Task requirements: The answer must be the full listing, word for word, with no pictures in it.

Data below:
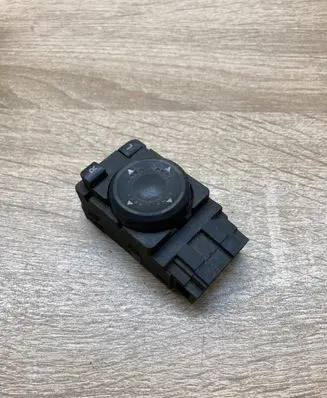Volkswagen PASSAT B5 Wing mirror switch B5Mirrorswitch
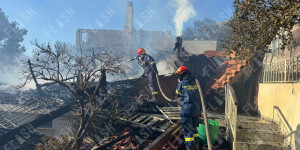 Σε ύφεση η φωτιά στο Πικέρμι - Κάηκαν σπίτια - Πάνω από 50 απεγκλωβισμοί από την ΕΛΑΣ Σε ύφεση η φωτιά στο Πικέρμι - Κάηκαν σπίτια - Πάνω από 50 απεγκλωβισμοί από την ΕΛΑΣ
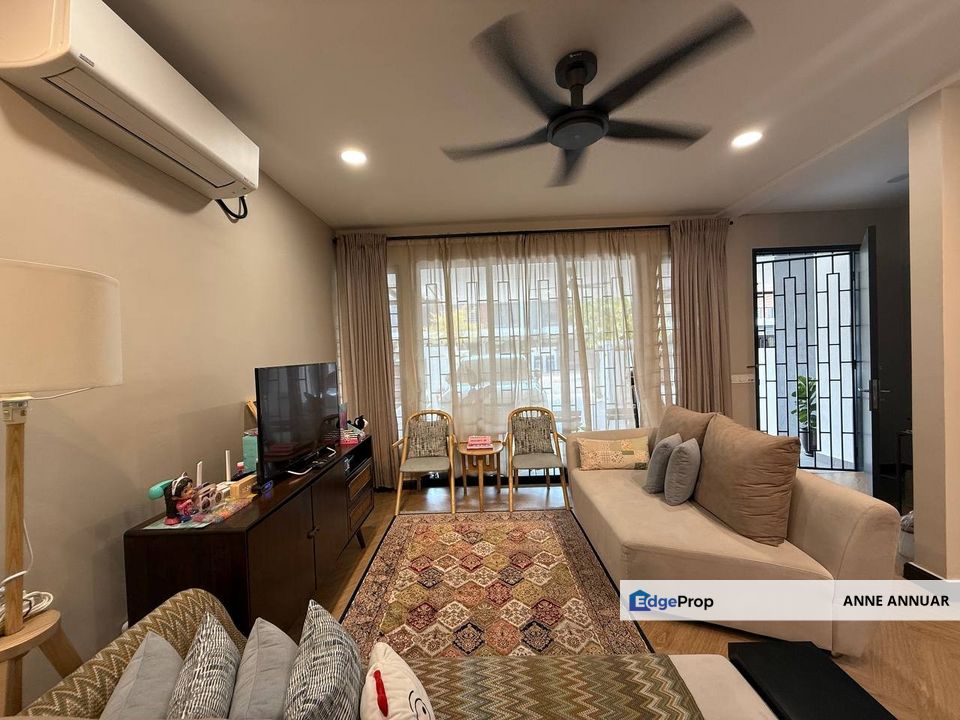 NICELY RENOVATED 2 Storey Elmina Green U16 Shah Alam , Selangor, Sungai Buloh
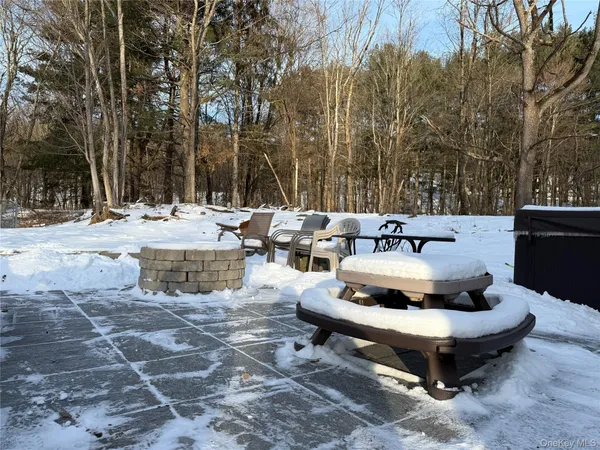 a view of house with a yard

Answer to the problem:
Volkswagen PASSAT B5 Wing mirror switch B5Mirrorswitch
 Σε ύφεση η φωτιά στο Πικέρμι - Κάηκαν σπίτια - Πάνω από 50 απεγκλωβισμοί από την ΕΛΑΣ Σε ύφεση η φωτιά στο Πικέρμι - Κάηκαν σπίτια - Πάνω από 50 απεγκλωβισμοί από την ΕΛΑΣ
 NICELY RENOVATED 2 Storey Elmina Green U16 Shah Alam , Selangor, Sungai Buloh
 a view of house with a yard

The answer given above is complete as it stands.